Buena parte de los mexicanos se opusieron, con más determinación en las zonas rurales que en los núcleos urbanos. Eso sí, primero agotaron todas las vías pacíficas de resolución de conflictos. Y sólo entonces se alzaron en armas.

Por un lado estaban los federales o ‘comecuras’ del presidente Calles, un ejército bien pertrechado y más numeroso que los rebeldes o cristeros, peor equipados y con escasa formación militar. Sin embargo, éstos contaban con algo que sus enemigos no: la fe en Dios, el conocimiento del terreno y el apoyo de la población, compuesta muchas veces por ancianos, mujeres y niños.
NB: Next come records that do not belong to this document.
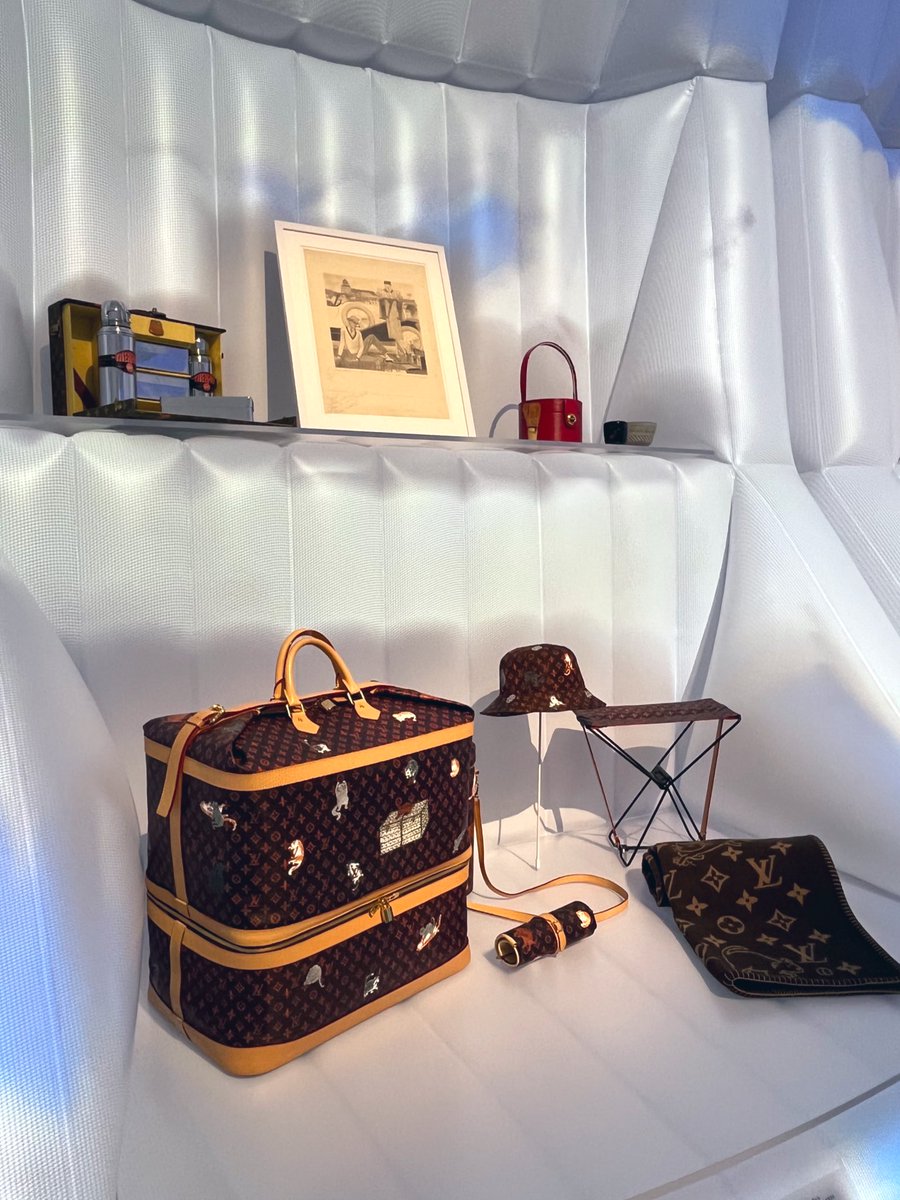 レア・早い者勝ち⭐️新品未使用・箱付き⭐️LOUIS VUITTON 手袋 ヴィトン コメ兵｜ルイヴィトン SINCE1854 ツイスト MM M57442 ショルダー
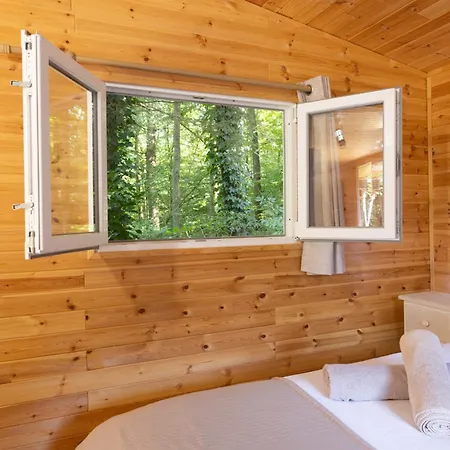 Le Chalet Sur L'eau Luxury tent *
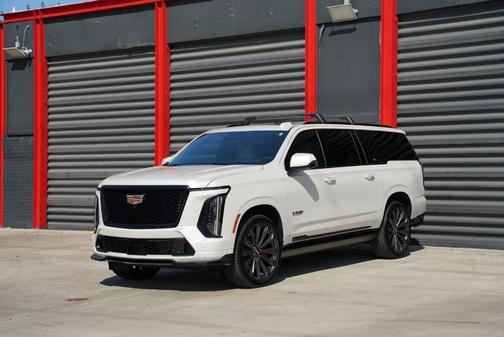 Crystal White Tri-Coat 2025 Cadillac Escalade ESV V-Series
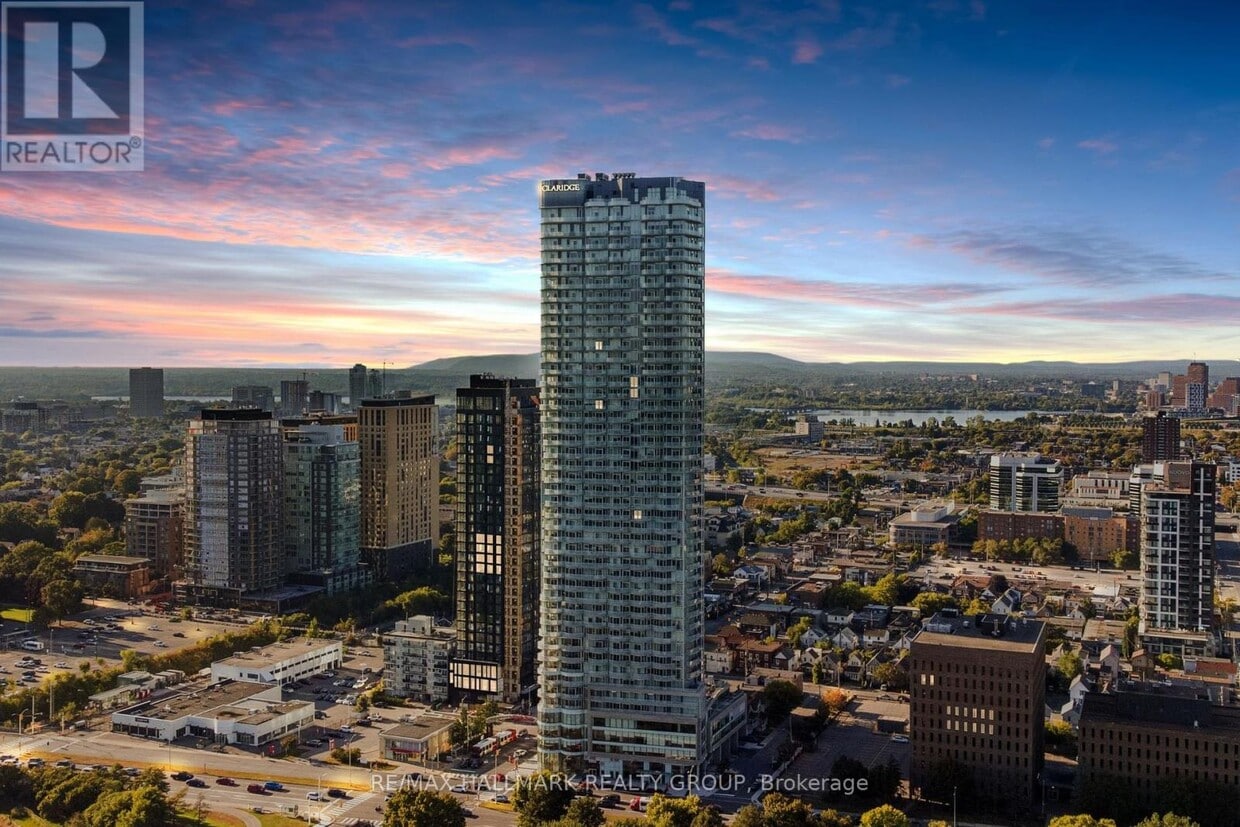 Primary Photo - 805 Carling Ave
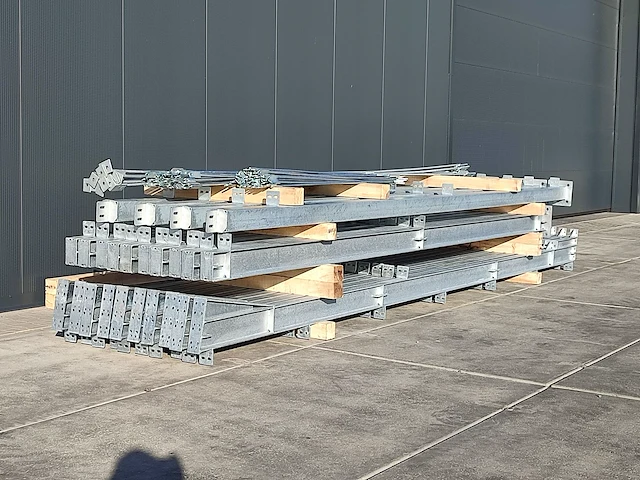 Staalconstructie 10 x 16 (ca. 160m²) - afbeelding 1 van  3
Tras tres años de guerra, al Gobierno no le quedó sino rendirse a la evidencia de que ni las balas ni las torturas pararían a los cristeros, con lo que optó por el engaño. Al poco de declarar la tregua trampa, se ordenaba apresar a los líderes desarmados, descabezando así al movimiento.

Hoy podemos decir que Calles y los suyos ganaron el poder pero que los cristeros obtuvieron la gloria, como acreditan sus numerosos mártires hoy en los altares. Que el grito de guerra cristero -¡Viva Cristo rey!- no fue un grito en vano.